矢内加奈子氏(以下、矢内):では次のテーマ「愛車・愛機となるような“愛”を持ってもらえる家電・ガジェットの条件」。(笑)。

木内文昭氏(以下、木内):はい。これはすごいですね。

まずこの辺りって、本当に欲しいものか、それを作るためにすごいストーリーがあるかとか。やっぱり「すごく自分が欲しい」ということには、それがすごく洗礼されたデザインであるとか、そのあたりが重要だと思うんですよ。

矢内:おっしゃるとおりです。

滝田勝紀氏(以下、滝田):「誰かが欲しがっているかもしれないから、こういうのを用意します」みたいなものっていうのは、だいたい失敗している……というか、あまりいいものじゃないし。紹介する側として「あー、この人これをすごく欲しいと思って作っているんだな」と思えるようなものだったら、こっちも「なんでそんなの欲しいの?」と聞きたくもなりますし。

滝田:そういういい話とかって、人に言いたくなるじゃないですか。ここがすごく重要で。なんていうんでしょう? マーケティング的な視点で、今っていろんなものを考えたり、効率をすごく重視して物を作ったりという環境になっているんですけれども。自分はちょっとそういうところが、うーん。今は違うのかなと思っていて。

要はこれ、元々スマートニュースとかの執行役員だった西口(一希)さんの『たった一人の分析から事業は成長する 実践 顧客起点マーケティング』。あの本なんですけどね。要はN1の法則。「その人1人を見て沿うものを作れ」とか。それさえ理解できれば大丈夫だと。まさになんかあれな気がしていてて。

要は自分も媒体を作っている人間として、一緒にやっているスタッフたちには「なんかおもしろいと思っていることは記事にする」というふうに、実はルール化しているんですね。

矢内:なるほど。

滝田:これは「自分がおもしろいから」という。「それを世の中がどう受け取るかは知ったこっちゃない」という視点でやっているんですよ。

でもやっぱり自分が好きということは、実際、人っていっぱいいるので、必ず同じようなことを考えている人っていて。また同時に、それが嫌いという人もいるわけですよ。でも、好きとか嫌いとかという感情で何か訴えたくなるようなものというのは、どっちにしても言いたくなるじゃないですか。

木内:そうですね。

滝田:要は、愛を持ってもらえるような家電とかガジェットというのはやっぱり……。

矢内:条件? 

滝田:うん、その作る条件は「本当にその作り手が好きかどうか」。そこは本当に大事だと思います。

矢内:そこはもう、木内さんが前に乗り出すぐらい話したがっている話なんで(笑)。

木内:Makuakeでいろんなプロジェクトをやっていて、全然ロジカルじゃないんですけど「この人はきっとこの商品を、本当に欲しいと思って作っているんだろうな」とか「そんなに欲しくないんだろうな」とか。そういうのってなぜかバレちゃうというのが、創業以来ずっと思ってやっていまして。

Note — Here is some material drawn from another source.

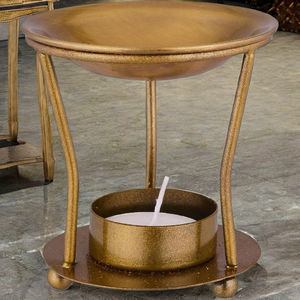 Quemador de Aceite Esencial Decorativo de Metal, Hecho a Mano, Ecológico, de Alta Calidad, Estilo Antiguo, Capacidad de 4 Pulgadas | - Product Image 1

やっぱり熱狂的に「これを出したいんだ!」みたいな、そういったことをどうやって世に問うかというのがすごく大事だなと思って。さっきのN1インタビューの西口さんの話にもあったように、いろんな人に聞いて作るというのも大事だと思うんですけど、僕が思うのは「ユーザーは物を買うプロであって、作るプロじゃない」んですね。

なので、やっぱり自分が欲しいとか、これは絶対欲しいに違いないって、企画側が作るプロとしてそれを世に出して仮説検証するみたいな。「それを狙ってどうヒットを出すか?」という視点で出さないと「私は買わないけど、その辺の人は買うんじゃないか?」みたいな考えだと、マジでそれがバレる時代だなと思ってます。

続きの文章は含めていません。